#### [How to complete this task]
Set down every record exactly as it appears.

#### [Collection entries]
___
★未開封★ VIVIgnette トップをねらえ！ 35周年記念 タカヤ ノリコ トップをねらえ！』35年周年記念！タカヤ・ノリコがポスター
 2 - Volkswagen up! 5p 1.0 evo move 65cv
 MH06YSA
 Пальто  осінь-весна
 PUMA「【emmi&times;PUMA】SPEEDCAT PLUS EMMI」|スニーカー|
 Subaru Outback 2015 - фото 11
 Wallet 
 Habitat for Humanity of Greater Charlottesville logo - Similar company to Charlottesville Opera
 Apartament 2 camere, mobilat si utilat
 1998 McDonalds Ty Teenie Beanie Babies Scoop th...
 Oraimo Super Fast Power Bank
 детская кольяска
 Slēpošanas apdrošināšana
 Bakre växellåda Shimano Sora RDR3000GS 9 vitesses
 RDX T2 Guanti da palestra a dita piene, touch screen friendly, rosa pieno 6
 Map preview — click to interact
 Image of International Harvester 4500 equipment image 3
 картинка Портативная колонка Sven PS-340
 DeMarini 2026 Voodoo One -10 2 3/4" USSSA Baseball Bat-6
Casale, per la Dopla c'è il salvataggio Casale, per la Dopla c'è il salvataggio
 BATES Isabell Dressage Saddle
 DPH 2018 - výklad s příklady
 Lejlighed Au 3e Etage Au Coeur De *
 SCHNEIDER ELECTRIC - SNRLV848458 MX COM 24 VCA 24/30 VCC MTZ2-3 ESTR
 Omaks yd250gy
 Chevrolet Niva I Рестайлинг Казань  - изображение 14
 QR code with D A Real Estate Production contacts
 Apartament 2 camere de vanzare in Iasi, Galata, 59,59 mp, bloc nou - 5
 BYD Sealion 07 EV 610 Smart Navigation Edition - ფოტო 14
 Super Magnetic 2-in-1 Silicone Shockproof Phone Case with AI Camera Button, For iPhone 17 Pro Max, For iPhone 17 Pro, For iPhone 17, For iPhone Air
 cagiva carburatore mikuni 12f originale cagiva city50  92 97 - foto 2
___
#### [Response to this exercise]
★未開封★ VIVIgnette トップをねらえ！ 35周年記念 タカヤ ノリコ トップをねらえ！』35年周年記念！タカヤ・ノリコがポスター
 2 - Volkswagen up! 5p 1.0 evo move 65cv
 MH06YSA
 Пальто  осінь-весна
 PUMA「【emmi&times;PUMA】SPEEDCAT PLUS EMMI」|スニーカー|
 Subaru Outback 2015 - фото 11
 Wallet 
 Habitat for Humanity of Greater Charlottesville logo - Similar company to Charlottesville Opera
 Apartament 2 camere, mobilat si utilat
 1998 McDonalds Ty Teenie Beanie Babies Scoop th...
 Oraimo Super Fast Power Bank
 детская кольяска
 Slēpošanas apdrošināšana
 Bakre växellåda Shimano Sora RDR3000GS 9 vitesses
 RDX T2 Guanti da palestra a dita piene, touch screen friendly, rosa pieno 6
 Map preview — click to interact
 Image of International Harvester 4500 equipment image 3
 картинка Портативная колонка Sven PS-340
 DeMarini 2026 Voodoo One -10 2 3/4" USSSA Baseball Bat-6
Casale, per la Dopla c'è il salvataggio Casale, per la Dopla c'è il salvataggio
 BATES Isabell Dressage Saddle
 DPH 2018 - výklad s příklady
 Lejlighed Au 3e Etage Au Coeur De *
 SCHNEIDER ELECTRIC - SNRLV848458 MX COM 24 VCA 24/30 VCC MTZ2-3 ESTR
 Omaks yd250gy
 Chevrolet Niva I Рестайлинг Казань  - изображение 14
 QR code with D A Real Estate Production contacts
 Apartament 2 camere de vanzare in Iasi, Galata, 59,59 mp, bloc nou - 5
 BYD Sealion 07 EV 610 Smart Navigation Edition - ფოტო 14
 Super Magnetic 2-in-1 Silicone Shockproof Phone Case with AI Camera Button, For iPhone 17 Pro Max, For iPhone 17 Pro, For iPhone 17, For iPhone Air
 cagiva carburatore mikuni 12f originale cagiva city50  92 97 - foto 2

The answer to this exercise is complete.